My daughter, who was out with friends one last time before they each headed to their separate colleges, quickly called and asked what I thought I was doing. I worried that this is becoming our new style of family dinner conversation.
“Dad and I are having our first dinner alone together, so I took a picture,” I said. “We’re practicing for when you go to college.”
“I don’t like this,” she said. “Now you’ll be able to talk about us.”
“Yes,” I agreed. “With no fear of being overheard.”
“What did you eat?” asked the younger son, calling in from his vacation with friends.
“I made a tomato salad from heirloom tomatoes that were just picked—and other stuff,” I said. “It was delicious.”
“I’m glad I wasn’t there,” he said (because they all prefer their tomatoes in ketchup form).
My husband and I finished eating, then there was an eerie silence as I cleared the table. No one was around to chat with and no one to complain about why I again made that tomato salad that only Mom and Dad ever ate. I put the dishes in the dishwasher and picked up my phone to look at our photo again. This time it made me cry.
The day before taking this photo, my older son had turned 29. I remembered how I had gone into labor with him on his due date, probably because I was so excited for us to become a three-person family that I couldn’t wait any longer and my body knew it. From that day on, my identity changed. No matter what I did, I was first and foremost a parent with a child who depended on me for everything. First there was one child, then two and then three, and I found myself waking up every morning thinking first about what I needed to do for them before I thought about what I had to do for myself. There is no “I” in “parent” but there is one in “single” and I was never again going to be a single.

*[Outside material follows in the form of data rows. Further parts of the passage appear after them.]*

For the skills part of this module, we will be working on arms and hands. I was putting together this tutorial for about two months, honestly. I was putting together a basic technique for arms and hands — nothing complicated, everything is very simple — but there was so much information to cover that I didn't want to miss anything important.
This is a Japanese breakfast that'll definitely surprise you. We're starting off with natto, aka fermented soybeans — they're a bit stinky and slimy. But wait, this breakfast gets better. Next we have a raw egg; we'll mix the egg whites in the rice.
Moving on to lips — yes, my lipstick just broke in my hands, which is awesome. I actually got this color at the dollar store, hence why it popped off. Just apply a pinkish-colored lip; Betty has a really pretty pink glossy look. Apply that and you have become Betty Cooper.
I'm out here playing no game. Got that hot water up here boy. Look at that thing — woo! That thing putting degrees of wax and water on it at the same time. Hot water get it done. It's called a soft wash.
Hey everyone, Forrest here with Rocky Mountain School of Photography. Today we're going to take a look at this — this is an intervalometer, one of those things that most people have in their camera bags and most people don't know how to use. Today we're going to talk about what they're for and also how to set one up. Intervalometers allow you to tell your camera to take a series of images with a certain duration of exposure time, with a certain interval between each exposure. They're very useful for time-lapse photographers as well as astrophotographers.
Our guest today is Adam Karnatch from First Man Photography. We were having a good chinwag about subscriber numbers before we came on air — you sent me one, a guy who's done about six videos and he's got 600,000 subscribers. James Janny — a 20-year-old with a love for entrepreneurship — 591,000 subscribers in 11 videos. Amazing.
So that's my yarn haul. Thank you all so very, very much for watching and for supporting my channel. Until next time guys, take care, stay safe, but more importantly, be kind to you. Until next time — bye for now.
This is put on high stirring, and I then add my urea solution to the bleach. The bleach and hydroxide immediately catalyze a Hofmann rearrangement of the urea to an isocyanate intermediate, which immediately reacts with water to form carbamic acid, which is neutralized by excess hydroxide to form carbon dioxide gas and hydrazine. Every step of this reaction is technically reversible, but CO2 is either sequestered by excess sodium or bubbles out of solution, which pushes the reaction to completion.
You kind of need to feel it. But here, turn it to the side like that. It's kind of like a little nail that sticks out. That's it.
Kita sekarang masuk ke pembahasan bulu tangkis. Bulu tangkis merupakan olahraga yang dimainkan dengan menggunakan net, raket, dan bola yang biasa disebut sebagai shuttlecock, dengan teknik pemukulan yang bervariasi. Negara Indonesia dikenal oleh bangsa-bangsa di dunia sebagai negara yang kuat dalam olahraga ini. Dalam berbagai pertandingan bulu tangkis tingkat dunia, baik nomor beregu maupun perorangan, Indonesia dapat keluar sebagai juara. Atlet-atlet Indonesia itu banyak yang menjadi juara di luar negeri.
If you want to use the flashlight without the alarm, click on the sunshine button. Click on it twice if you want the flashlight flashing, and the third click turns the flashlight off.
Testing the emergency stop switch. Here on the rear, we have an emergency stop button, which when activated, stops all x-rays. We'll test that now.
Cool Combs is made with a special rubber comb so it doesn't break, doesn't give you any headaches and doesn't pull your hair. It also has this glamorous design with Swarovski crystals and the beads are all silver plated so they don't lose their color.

For nearly three decades one or more of my children have been an integral part of my daily routine. I knew what they were doing, where they were and with whom, and at the end of each day I saw them at home. After a while the older one moved out and established his own life far away from me. Then the second one went to college far away and plans to stay there after graduation. And now the third one is leaving me as well, moving across the country to begin her own life, mostly without parental input (she says).
For decades, I thought that I would relish this time, knowing that my children were self-sufficient and happy and that I had raised them to be competent, successful adults. I thought that I could enjoy the freedom that comes from knowing that they will be fine in this world, that I had done everything I could do to launch them into adulthood and now I would be free—I could have my own timeline, my own space, and my own obligations.
But that’s not happening. Instead, I am missing them terribly. At the same time, I’m considering the possibility that I may be resisting this change. Or maybe I don’t want to try to meet new people or do new things because without the built-in constructs of school and sports, this won’t be easy. Or could it be that I never thought this time would come so I didn’t plan for it, and now I don’t know what to do? I don’t have a backup plan. For years I never had enough time to pick up all the socks from the floor or put all the used glasses in the dishwasher at the same time; soon I won’t even have socks on the floor nor enough used glasses to fill a dishwasher. Is the achievement of a neat house enough to make me happy? And how does the definition of “mother” adjust for a house devoid of children of any age?
Later in the evening, the kids all call with suggestions. My daughter and her friends think that I need to volunteer somewhere and find some hobbies. My younger son thinks I should get a dog. My older son thinks I should get a job.
I still have a short time until my husband and I take our youngest to college. We all know this is going to be hard on me because I am the only one having her identity and role in life dramatically altered: my daughter will continue to be a student, my husband will return to work, and I will return to an empty home, where I will continue to cook dinners for two, text my children with short conversations and pick up whatever socks or glasses are left around the house and put them in their proper places where they will stay until my children come home again and a new normal resumes.